Dietary Sugars: Not as Sour as They Are Made Out to Be?
Sugars may be Mother Nature’s most essential nutrient since, in the course of evolution, humans have retained the ability to synthesize every sugar needed for metabolic functions while, at the same time, humans lost the ability to make 9 amino acids and 2 fatty acids required for life. During the same evolutionary period, Mother Nature iterated to preferring glucose as the almost sole fuel of the brain and the fetus. Human infants are born with sweet taste receptors, and sugars constitute approximately one-third of the energy supply of human milk. Moreover, complex carbohydrates, half or more of the energy content of human diets, are assimilated only after being broken down to simple sugars whose absorption is enhanced by other fuels serving as the energy source for enterocyte metabolism. If sugars are as unhealthful as many postulate, has Mother Nature been trying to fool us all these eons?

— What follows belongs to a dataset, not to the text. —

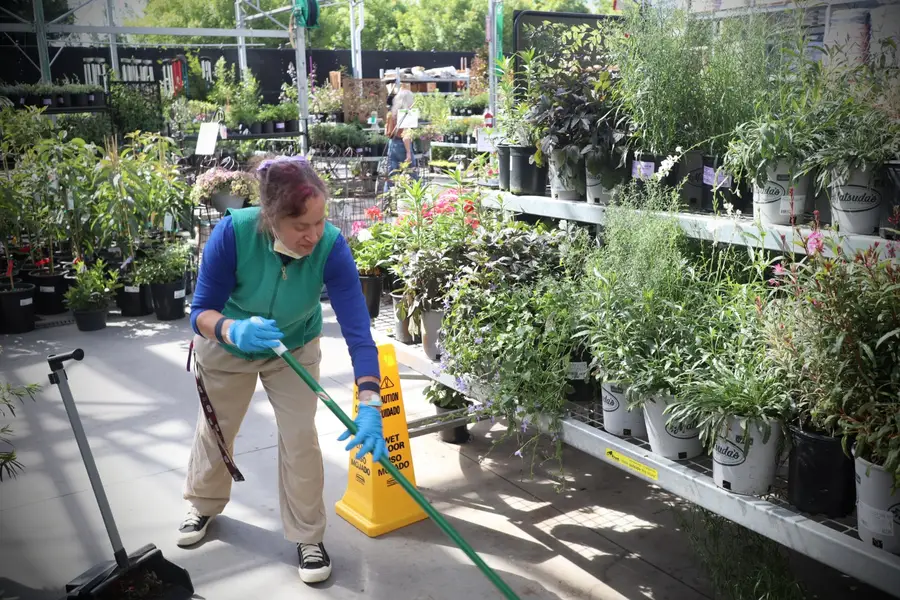 UCPNB supported employee sweeping at a garden center nursery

More recently, observational studies have reported repeatedly that consumption of dietary sugars is associated with various adverse consequences, including an increased risk of cardiovascular diseases and mortality [1]. It is important to realize that such observational studies can only find associations (i.e., uncover new hypotheses, not answers) and can never, no matter how extensive, prove causality [2]. “Big data” techniques have now demonstrated unequivocally that there are a huge number of
correlation interdependencies among unmeasured and uncontrolled “exposome” variables that make it impossible to attribute causality to individual dietary components themselves (e.g., sugars) [3]. Nonetheless, causal implications of this kind are prevalent throughout both the scientific literature as well as media reports. Importantly, a significant number of such studies fail to control for equivalent total energy intakes. In fact, a meta-analysis of sugar studies commissioned by the WHO concluded that the apparent effects of sugar intake were likely the consequence of increased energy intake [4]. Additionally, the bulk of observational studies have been graded of low quality (including those used by the WHO for its recommendations). Furthermore, many of the reported small-effect sizes are, arguably, within the propagated “noise” level of the observational methods themselves.
Relatively consistently, the detrimental consequences of increased sugar intake have been limited to the consumption of sugar-sweetened beverages (SSB), not to the consumption of food sugars. In this case, one must question whether the apparent uniqueness of SSB is due to methodological rather than biological distinction. For instance, is the apparent significance due to the fact that one can tally cans or bottles of sodas more accurately and precisely than one can estimate food sugars by
dietary intake methods, leading to a statistically significant effect size for the former due merely to less error of the estimate? Additionally, “artificially sweetened” beverages containing no sugar (i.e., the null-sugar control) also often show an apparent, albeit usually less strong, association with detrimental noncommunicable disease outcomes. These findings are often interpreted by creatively constructed “plausible” causal metabolic mechanisms while the most parsimonious explanations deal with recognition
of the role of “reverse causality” and acknowledgement of the fact that the “negative sugar control” (i.e., the non-SSB) effect size is simply an indication of the extent of the methodological “noise” of dietary intake methods.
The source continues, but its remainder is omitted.